_Work instructions_. Within the data below, copy each line where the string "Grey" is found.

*** Opening of Provided records ***

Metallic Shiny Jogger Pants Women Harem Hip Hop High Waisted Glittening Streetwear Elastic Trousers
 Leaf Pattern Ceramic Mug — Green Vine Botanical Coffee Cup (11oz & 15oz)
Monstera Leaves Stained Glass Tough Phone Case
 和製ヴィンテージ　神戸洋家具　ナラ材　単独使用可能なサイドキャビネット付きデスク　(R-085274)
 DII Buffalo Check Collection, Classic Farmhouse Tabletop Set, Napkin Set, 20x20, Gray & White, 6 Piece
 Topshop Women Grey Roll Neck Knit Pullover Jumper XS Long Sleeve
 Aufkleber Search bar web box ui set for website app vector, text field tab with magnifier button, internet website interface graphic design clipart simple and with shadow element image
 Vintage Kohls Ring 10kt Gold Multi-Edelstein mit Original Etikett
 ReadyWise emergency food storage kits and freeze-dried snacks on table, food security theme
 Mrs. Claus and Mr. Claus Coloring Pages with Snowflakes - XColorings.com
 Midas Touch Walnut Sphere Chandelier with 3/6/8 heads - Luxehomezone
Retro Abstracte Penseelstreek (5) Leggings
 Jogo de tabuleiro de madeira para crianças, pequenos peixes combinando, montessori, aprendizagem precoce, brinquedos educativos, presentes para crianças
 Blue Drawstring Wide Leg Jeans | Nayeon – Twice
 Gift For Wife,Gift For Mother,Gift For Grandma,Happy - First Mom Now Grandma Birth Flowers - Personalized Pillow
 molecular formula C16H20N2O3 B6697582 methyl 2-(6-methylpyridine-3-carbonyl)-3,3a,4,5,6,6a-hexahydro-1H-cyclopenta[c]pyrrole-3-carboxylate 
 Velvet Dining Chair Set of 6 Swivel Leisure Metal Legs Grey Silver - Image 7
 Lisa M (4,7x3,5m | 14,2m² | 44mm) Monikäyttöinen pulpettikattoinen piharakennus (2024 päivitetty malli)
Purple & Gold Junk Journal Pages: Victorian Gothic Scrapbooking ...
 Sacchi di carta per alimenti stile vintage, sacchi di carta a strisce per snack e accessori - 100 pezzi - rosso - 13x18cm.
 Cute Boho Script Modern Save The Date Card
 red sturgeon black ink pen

*** Close of Provided records ***

_Expected output_.
 Topshop Women Grey Roll Neck Knit Pullover Jumper XS Long Sleeve
 Velvet Dining Chair Set of 6 Swivel Leisure Metal Legs Grey Silver - Image 7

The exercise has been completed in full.